21. juin, 2017

USA

Grand déballage contre Trump au Sénat

L'ancien directeur du FBI James Comey a accablé hier Donald Trump devant le Sénat américain, accusant son administration de diffamation et de «mensonges», et blâmant le président pour lui avoir intimé d'abandonner un volet de l'enquête russe concernant un proche.

Dans une salle comble, James Comey a raconté en détail et d'une voix posée son malaise après de multiples conversations privées avec le locataire de la Maison Blanche, lors d'une séance devant la commission du Renseignement du Sénat retransmise par toutes les grandes chaînes de télévision américaines, dans la tradition des grandes auditions parlementaires qui ont marqué l'histoire du pays.

La quinzaine de sénateurs assis en face de l'ancien premier flic des Etats-Unis voulaient déterminer si les multiples requêtes présidentielles, formulées en tête-à-tête dans l'intimité du Bureau ovale ou de la Maison Blanche, représentent une interférence politique et une entrave à la justice, un délit majeur qui, dans le passé, a conduit au lancement par le Congrès de procédures de destitution contre les présidents Richard Nixon et Bill Clinton.

Il a commencé par répondre que ce n'était pas son rôle de qualifier juridiquement les requêtes du président.

A la question de savoir si le président ou l'administration lui avait demandé explicitement d'»arrêter» l'enquête menée par le FBI sur les ingérences russes, il a répondu «non».

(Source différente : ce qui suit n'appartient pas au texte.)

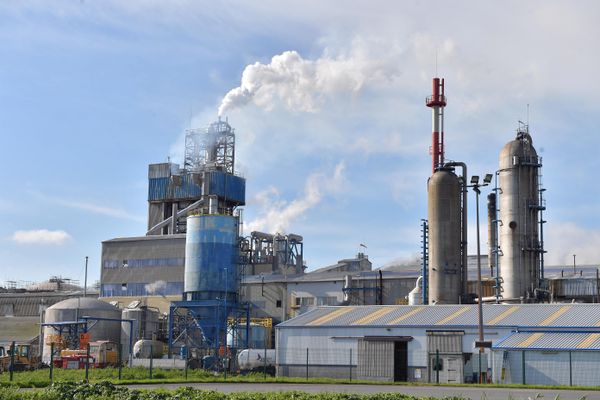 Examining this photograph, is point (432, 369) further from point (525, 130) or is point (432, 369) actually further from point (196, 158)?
point (196, 158)

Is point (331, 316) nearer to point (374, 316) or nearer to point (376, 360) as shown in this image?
point (374, 316)

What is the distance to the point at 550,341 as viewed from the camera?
45.5 m

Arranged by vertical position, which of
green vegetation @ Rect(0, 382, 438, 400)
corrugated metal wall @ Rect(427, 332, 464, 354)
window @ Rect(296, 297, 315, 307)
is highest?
window @ Rect(296, 297, 315, 307)

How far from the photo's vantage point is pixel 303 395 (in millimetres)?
24609

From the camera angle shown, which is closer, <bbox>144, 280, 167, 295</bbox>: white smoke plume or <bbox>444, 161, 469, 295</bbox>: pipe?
<bbox>444, 161, 469, 295</bbox>: pipe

Mais plus tard, il a confirmé que Donald Trump lui avait demandé sa «loyauté», alors même qu'il supervisait l'enquête sur une éventuelle collusion entre des membres de l'équipe de campagne de Donald Trump et la Russie pendant la campagne présidentielle de 2016. «Mon bon sens me disait qu'il voulait quelque chose en échange de m'accorder ma demande de rester à mon poste», a-t-il dit, alors que son mandat courait jusqu'en 2023.

Il a détaillé la demande de M. Trump d'abandonner l'enquête visant un de ses fidèles, le général Michael Flynn, ex-conseiller à la sécurité nationale, visé par une enquête du FBI pour n'avoir pas tout révélé de ses discussions avec l'ambassadeur russe à Washington.

Répondant aux questions précises des sénateurs, il a jugé que les actions du dirigeant américain étaient " très dérangeantes", ne mâchant pas ses mots contre lui. (...)

Le milliardaire n'avait pas commenté personnellement l'audition, mais son avocat avait déclaré mercredi que M. Trump était "conforté" par le témoignage.